On arrival there, I check out the posted trail map and decide on a route up to what’s labeled as “the post card view”. This area is more developed than the last, with a small visitor center, winding paved road with parking areas near various trailheads. I pass a camping area that looks like it may no longer be functional and a pousada (lodge) that is definitely defunct. There’s thunder sounding in the distance and the clouds look like they may be closing in to obscure distant views but I set off anyway, humping my way up the steep trail over an endless series of uncomfortably high steps leading uphill. Alas, after a half mile or so of effort, I hear heavy rain approaching and barely have time to don my rain jacket and hat before the deluge. I retrace my steps downward in a deluge, and my shoes and legs are thoroughly soaked when I reach the car.
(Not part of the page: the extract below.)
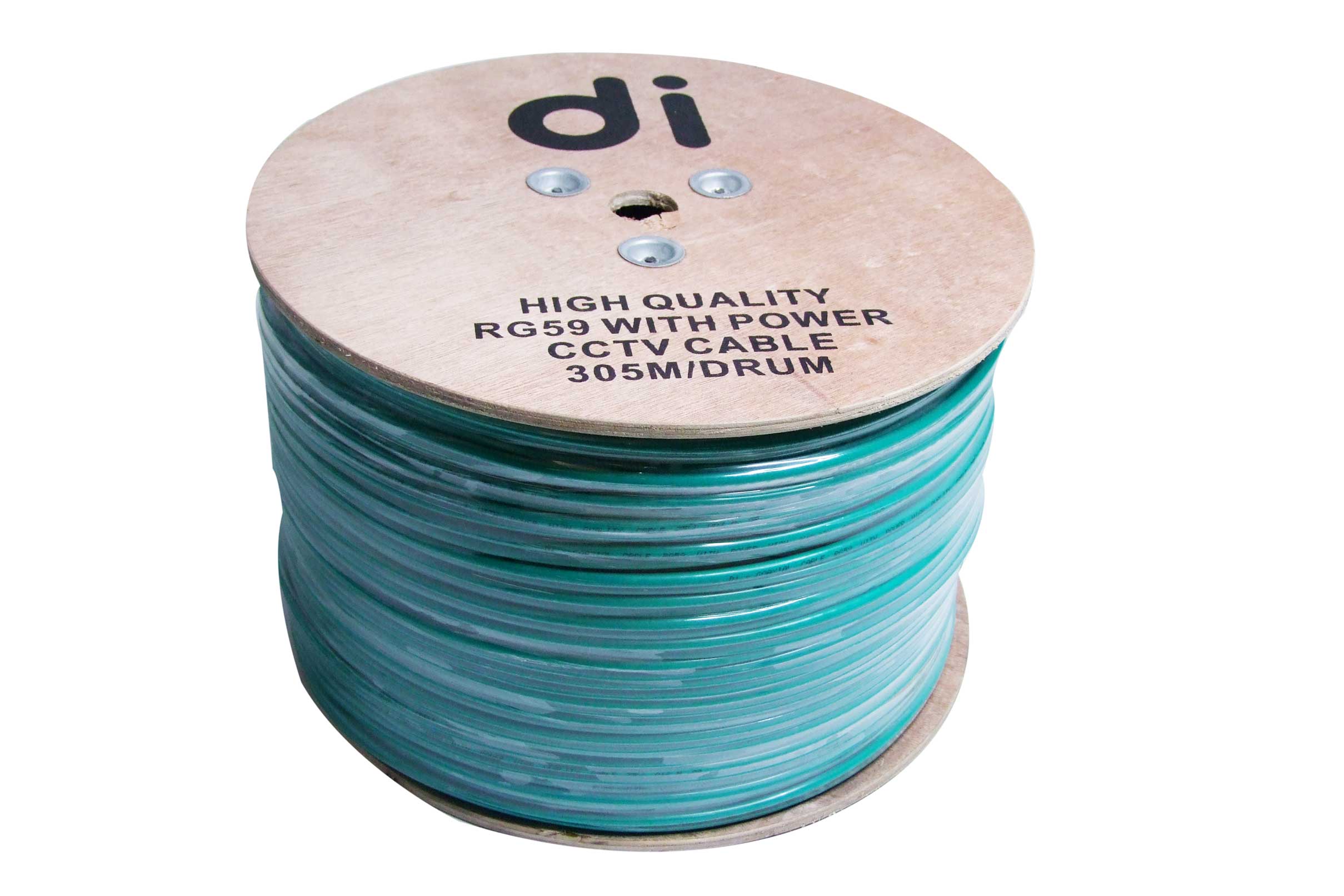 Bobine Cable Coaxial Camera + 2c Vert (bobine 300m)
As I’m backtracking the cobblestone road to the park entrance, the roadway is blocked by a fallen tree, just toppled from the muddy bank during the current rainstorm. One car is already stopped and its driver is pulling on the tree in a futile effort to move it out of the way. With the addition of my effort, we get it moved just enough to slip the cars between tree and the steep downhill bank. A couple of park employees are looking on but apparently think that dealing with a blocked road and stranded motorists is not in their job description.

I’ve hiked less than six miles today but I’m very fatigued. As I drive out of the mountains, I’m trying to figure out why. I can only think of three possibilities:

  1. I’m out of shape after 4 months of sitting behind the steering wheel, OR
  2. Hiking solo is much less fun than having companionship and my brain is saying, “I’m not going along with this foolishness,” OR
  3. Perhaps, just perhaps, it has something to do with my recent 70th birthday. Nah, no chance it’s that.
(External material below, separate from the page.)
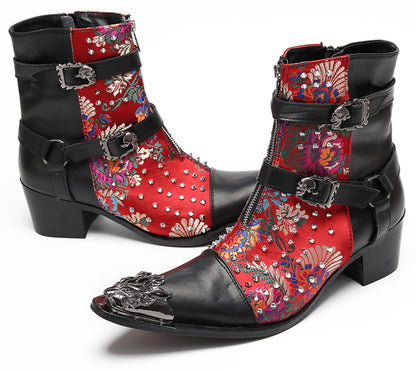 Mens Gothic Embroidered Leather Skull Buckles Studs Cowboy Western Boots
It’s too late in the day and too rainy to bother with the third area of the national park, so I locate suitable lodging online and let Google Maps show me how to get there as quickly as possible. When I turn off the highway, though, something is not right. The turns I’m being instructed to make aren’t quite in the right place, although I find similar ones a bit offset from what the map shows. Shortly, I’m descending a steep, rough one lane road out of the mountains. Although it’s only 4 PM, between the afternoon hour, thick clouds, heavy rain, and tree cover, it’s almost dark where I’m driving. I have my high beams on, concentrating on the steep turns and slopes in front of me. As I glance down at the map on my phone, I see the location arrow has diverged from the road on the map, meaning Google thinks there’s no road where I am — not a good sign since this road has clearly never been rebuilt here from a different alignment. I keep descending for a couple of miles until suddenly, on a particularly steep and narrow stretch, the road ends at a couple of closed driveway gates. Great, a dead end with barely any room to turn the car. I manage to get it pointed uphill and have to retrace my route back up the rough mountain road through the runoff. Considering Google has mapped basically every road in the world, it’s amazing how rarely they get them wrong. Tonight, though, I’m a victim of bad data.
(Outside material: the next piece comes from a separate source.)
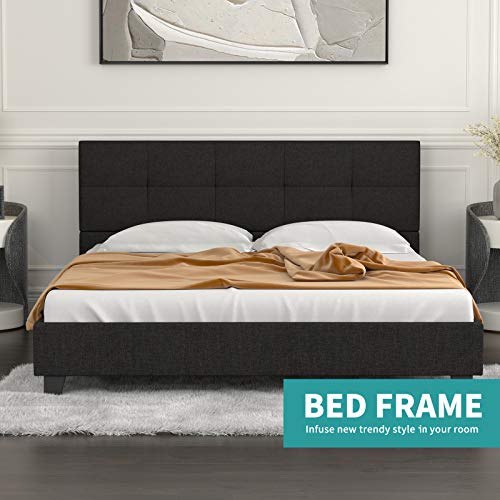 mecor Upholstered Linen Queen Platform Bed / Metal Frame with Square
Back at altitude on the main road, I realize that the only way to my chosen lodging is now a long drive. I search for something more convenient to my new situation, find it, and head directly there. I’ve gotten lucky. The pousada I’ve chosen, suspiciously cheap at $18, is surprisingly nice. A big room, pleasant grounds, swimming pool, and decent internet (far from assured in Brasil). Worn out from hiking and fighting with Google Maps, I’m asleep in record time despite the early hour.